Mexican president says in talks with Boeing to rent aircraft for military-run carrier
MEXICO CITY, Dec 19 (Reuters) - Mexico is in talks with U.S. planemaker Boeing Co (BA.N) to rent aircraft for a carrier run by the military, set to start operations next year, the country's president said Monday.
"It's being looked at with Boeing," President Andres Manuel Lopez Obrador said in a regular news conference. "Because planes are going to be rented. That's already being worked on."
A spokesperson for Boeing did not immediately respond to a request for comment.
Lopez Obrador has previously said that Olmeca-Maya-Mexica, a military-run business, will lead the airline, which aims to operate under the name "Mexicana," absorbing the operations of an airline which was declared bankrupt in 2014.
The business will also run airports in the southern region of Mexico in Tulum, Chetumal, Palenque and Campeche, Lopez Obrador said earlier this month, as well as the new airport on the outskirts of Mexico City, the Felipe Angeles International Airport.
Lopez Obrador added he had received an appraisal for the airline over the weekend but had not yet reviewed it.
The push to operate the military-run airline comes as part of the president's dissatisfaction with Mexican airlines.

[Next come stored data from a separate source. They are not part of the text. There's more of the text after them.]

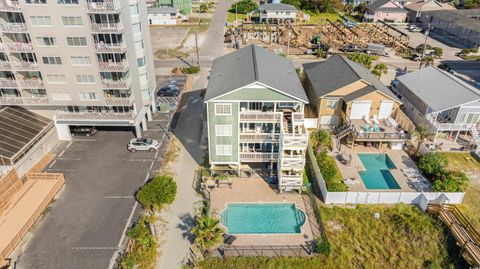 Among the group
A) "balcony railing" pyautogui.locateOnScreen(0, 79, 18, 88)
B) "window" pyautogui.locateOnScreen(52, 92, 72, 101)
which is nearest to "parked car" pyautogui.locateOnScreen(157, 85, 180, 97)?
"window" pyautogui.locateOnScreen(52, 92, 72, 101)

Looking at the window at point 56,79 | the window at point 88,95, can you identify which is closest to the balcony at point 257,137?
the window at point 88,95

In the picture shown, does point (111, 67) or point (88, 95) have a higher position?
point (111, 67)

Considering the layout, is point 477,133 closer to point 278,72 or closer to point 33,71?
point 278,72

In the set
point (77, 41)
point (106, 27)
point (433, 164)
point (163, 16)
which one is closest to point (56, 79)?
point (77, 41)

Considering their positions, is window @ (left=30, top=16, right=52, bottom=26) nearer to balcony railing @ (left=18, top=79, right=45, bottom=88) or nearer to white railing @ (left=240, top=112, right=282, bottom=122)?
balcony railing @ (left=18, top=79, right=45, bottom=88)

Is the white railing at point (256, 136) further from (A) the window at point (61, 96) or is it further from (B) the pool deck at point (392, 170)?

On Thursday, Lopez Obrador filed a reform to Mexico's aviation law which would allow "cabotage," or permitting international airlines to operate domestic flights within the country.
Transportation groups widely denounced the move, saying foreign airlines would snatch up more profitable routes and leave national carriers with routes "offered by the government."
The Mexican government has in recent months moved flights from Mexico City's main airport to the Felipe Angeles airport, one of Lopez Obrador's flagship projects.
Lopez Obrador hinted Monday that more moves could come.